Creating tables in RMarkdown where row are mean of variabels and columns are factor levels

Hi R Community,

I would like to make a table in RMarkdown, however, the placement of the rows and colums are not as I wish.

I will use the Iris R data set as an example. When running:
knitr::kable(iris, "pipe")
I get:

However, I wish to have the different spcies as columns and then a row of mean(sepal.Length), one of mean(Sepal.Width), one of mean(Petal.lenth) and a last of mean(Petal.Width). Also, I would like an extra column containing the sum of all species and which for all rows have the mean of the whole data set and not just for the specific species.

So far I have not found out how to solve this problem.

Thank you in advance :slight_smile:

Best,
Charlie

1 Like

Using the package dplyr will help a lot here! You can calculate the means by using group_by() and summarize(). For instance,

iris %>% group_by(Species) %>% 
  summarise(meanSL = mean(Sepal.Length))

will give you the mean Sepal.length for each species. Just add on the other means in the same way.

There are many different ways of adding the column with the total, and this may not be the best way, but you could calculate it separately using exactly the same steps as for the individual species, but just not using group_by(Species), and then join it to the other means at the end using e.g full_join().

Finally, since you want the species as columns, you can transpose the table using t().

1 Like

Thank you very much. I did not know the t() function. That is great.

I would like to make it where creating a data frame such that I can add a column with the p values of the different group means. This data frame I would eventually like to present in a pretty table with knitr or else?
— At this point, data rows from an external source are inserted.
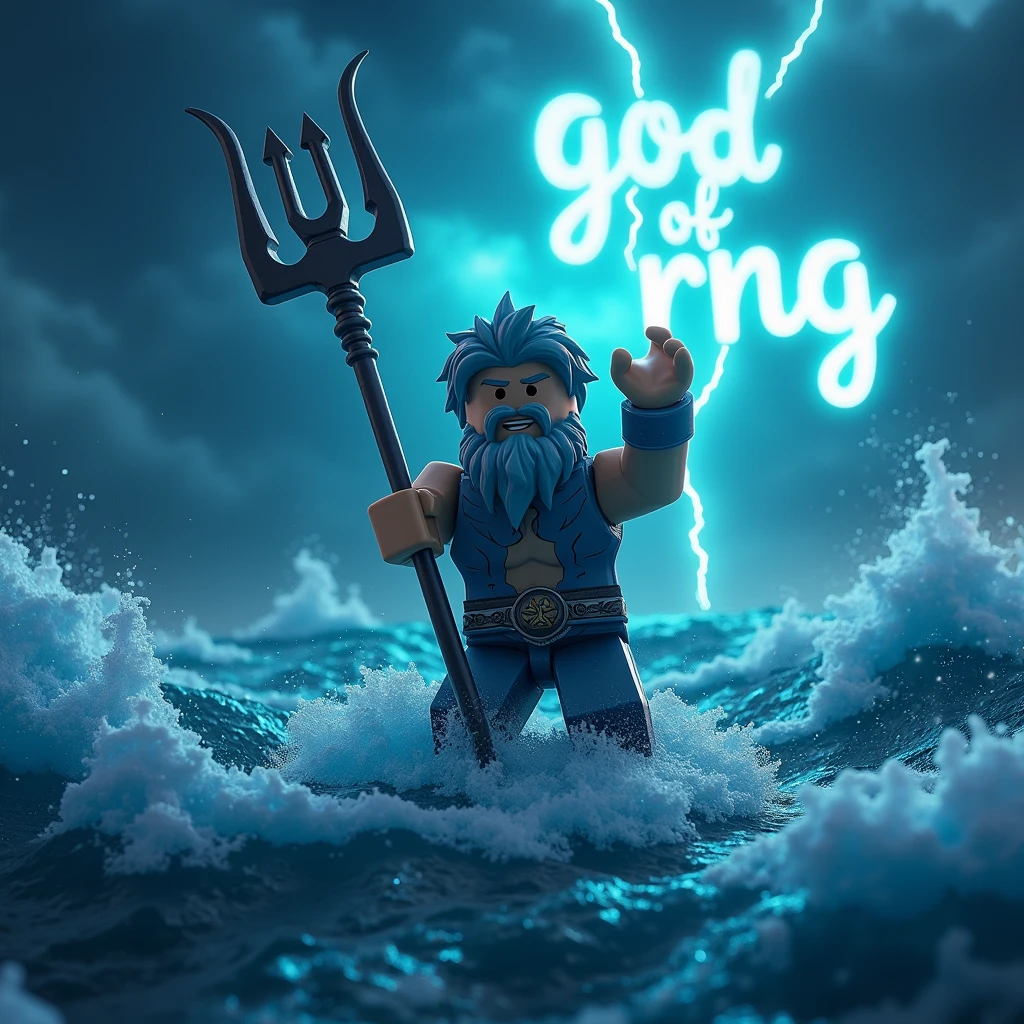 Posidon with his trident fighting a storm at night as a roblox character  (add text saying “God of RNG” in the background)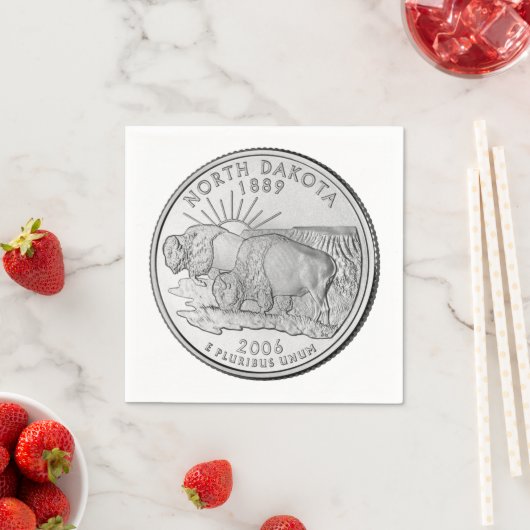 State Quarter North Dakota Servetten (Insitu)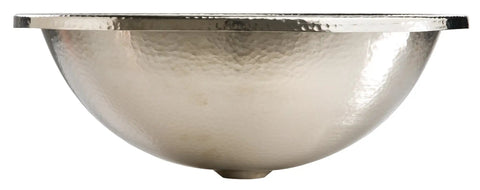 Side view of Edison Dual Mount Oval Bathroom Sink in Hammered Nickel Finish, showcasing handcrafted design and flexible rim.
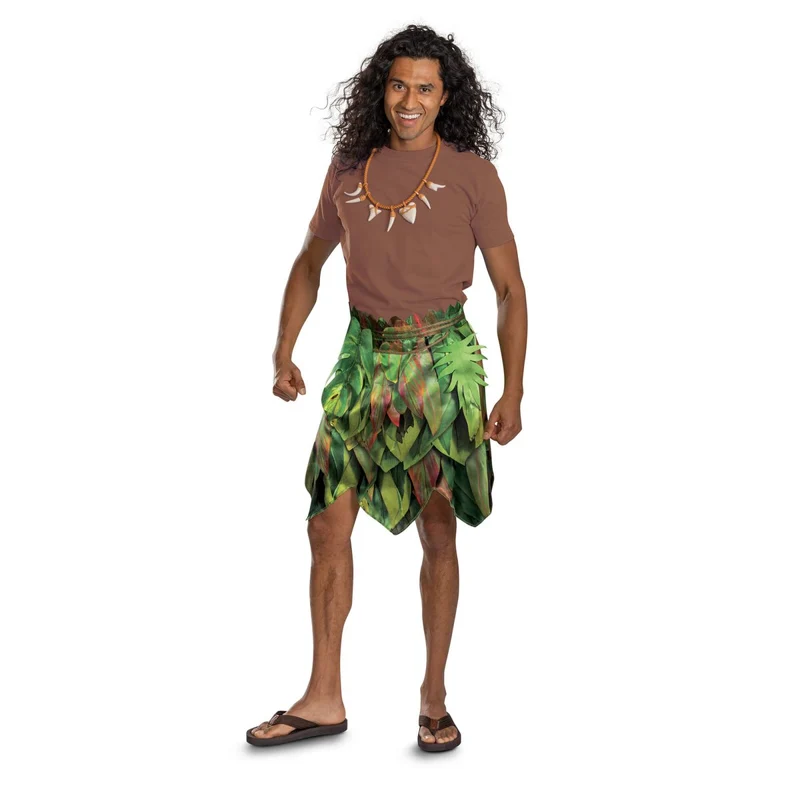 Moana Maui Costume Kit for Adults, Disney, Skirt and Necklace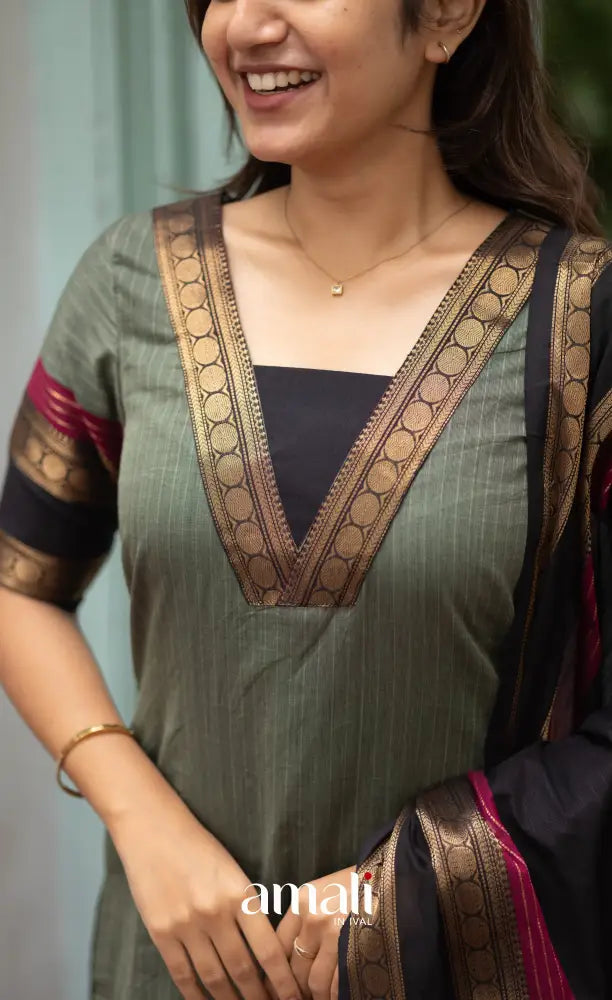 Meera Dull Greenish Grey with Black Chettinad Cotton Salwar salwar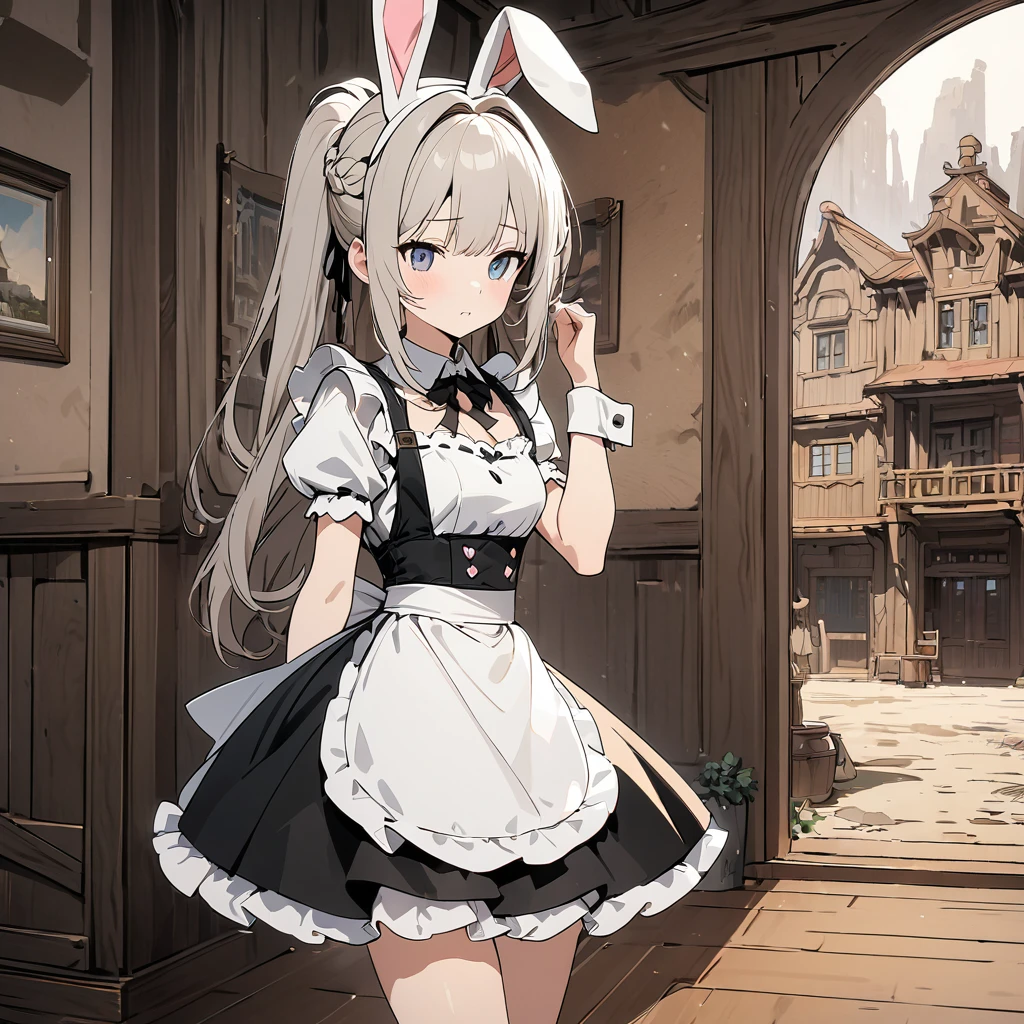 Top quality, masterpiece, high resolution, 8K, illustration of a bunny girl in a maid costume. The character wears a bunny girl outfit that is a variation on the classic maid outfit, with a black and white maid outfit decorated with frills and ribbons, and rabbit ears and a tail. The background depicts a room in a classic Western-style building, giving the scene an overall cute and elegant atmosphere.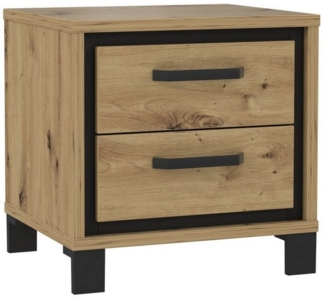 Nachtkommode >TRONDHEIM< in Artisan Eiche / Schwarz Eiche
Maybe this could help you:

library(tidyverse)
library(DT)
datatable(iris)

iris_2 <- iris %>%
  group_by(Species) %>% 
  dplyr::summarize(Mean.Sepal.Length = mean(Sepal.Length, na.rm=TRUE),
                   Mean.Sepal.Width = mean(Sepal.Width, na.rm=TRUE),
                   Mean.Petal.Length= mean(Petal.Length, na.rm=TRUE)); iris_2

datatable(iris_2)

Thank you.

I have run this with the transpose function, t(). Then I get the species in the columns, however, then I also get some V1, V2 and V3. Do you know how I can get rid of them?

This article should help you with that: https://statisticsglobe.com/transpose-data-frame-set-first-column-as-header-r

1 Like

A slightly different way to accomplish your goal... you might interested in the gtsummary package which allows you make such summary tables very easily...

data(iris)
library(gtsummary)

iris %>% 
  tbl_summary(by = Species)

grafik

You can change the summary stat returned easily

iris %>% 
  tbl_summary(by = Species, 
              statistic = c(all_continuous() ~ "{mean} ({sd})"))
3 Likes